Sebut KDRT Masalah Kompleks, Ini Saran Psikolog

Korban KDRT tak bisa langsung meninggalkan pelaku, dibutuhkan berbagai persiapan.

Rep: Rr Laeny Sulistyawati/ Red: Friska Yolandha
Kasus KDRT (ilustrasi). Psikolog menyebut KDRT adalah masalah kompleks.
Foto: abc news
Kasus KDRT (ilustrasi). Psikolog menyebut KDRT adalah masalah kompleks.

REPUBLIKA.CO.ID, JAKARTA -- Staf Pengajar Fakultas Psikologi Universitas Indonesia (UI)sekaligus psikolog klinis Adriana Soekandar Ginanjar menilai kekerasan dalam rumah tangga (KDRT) adalah masalah kompleks. Korban KDRT tak bisa langsung meninggalkan pelaku, dibutuhkan berbagai persiapan.

"Mungkin bagi orang awam yang melihat ketika ada pasangan kemudian suaminya semena-mena melakukan kekerasan fisik, kekerasan verbal, kekerasan ekonomi yaitu diporotin memang logikanya ditinggal saja daripada hidup dengan orang seperti itu. Tetapi tak sederhana begitu melepaskan pelaku kemudian (masalah) selesai, tidak begitu juga pada kenyataannya," ujarnya saat dihubungi Republika.co.id, Sabtu (15/10/2022).

Baca Juga

Masalah ini kompleks karena harus ada persiapan korban. Misalnya menguatkan diri atau menyiapkan pekerjaan atau ekonomi. Sebab, dia melanjutkan, secara psikologis ini menyangkut faktor pelaku KDRT kebanyakan punya kekuatan lebih tinggi. Artinya ketika ada KDRT juga ada ancaman misalnya kalau meninggalkan akan tak jadi apa-apa. Atau bisa juga pelaku merendahkan kemampuan pasangannya misalnya bisa apa tanpa dirinya. 

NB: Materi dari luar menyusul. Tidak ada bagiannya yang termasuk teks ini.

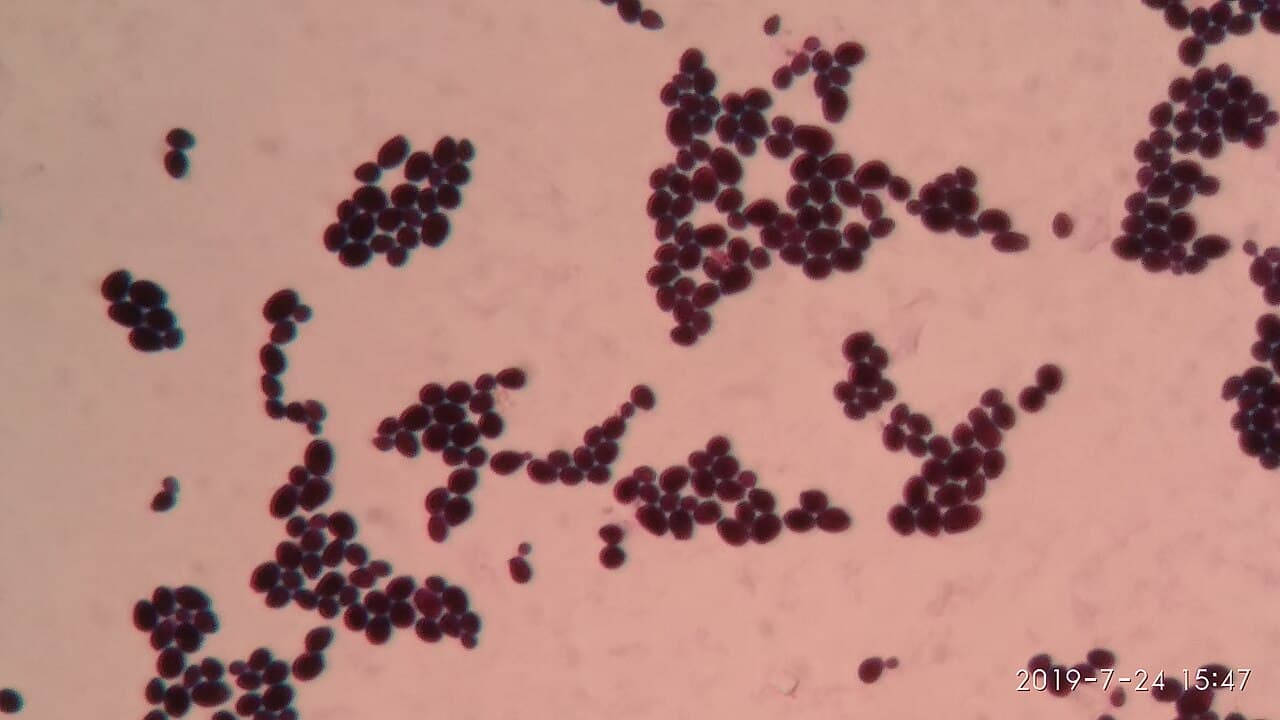 Levures de Candida albicans au microscope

Kemudian, muncul kata-kata kekerasan verbal katanya kasar dan merendahkan seperti bodoh, atau tak bisa apa-apa. Ini akhirnya pihak korban menjadi semakin tidak percaya diri dan merasa bahwa apa yang dikatakan pelaku kemungkinan besar betul. 

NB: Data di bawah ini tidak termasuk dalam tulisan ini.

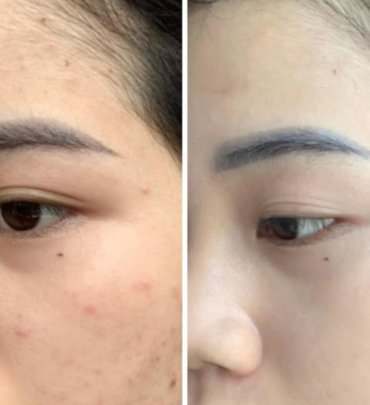 PEEL TRỊ NÁM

"Sehingga, dengan kecemasan seperti itu, dia (korban) tidak tahu caranya hidup tanpa pasangan (pelaku)," ujarnya.

Tak hanya itu, Adriana mengakui seringkali korban juga punya keyakinan bahwa kalau diberikan kasih sayang, kesabaran maka kondisi pelaku akan membaik. Apalagi kalau ada pesan dari lingkungan keluarga korban, misalnya ibunya jadi korban KDRT dan meminta korban bersabar saja karena pelaku tetap kembali ke rumah dan istri. Adriana mengakui, nasehat semacam ini mencerminkan peran gender kuat dimana perempuan harus mengalah dan mengasihi. 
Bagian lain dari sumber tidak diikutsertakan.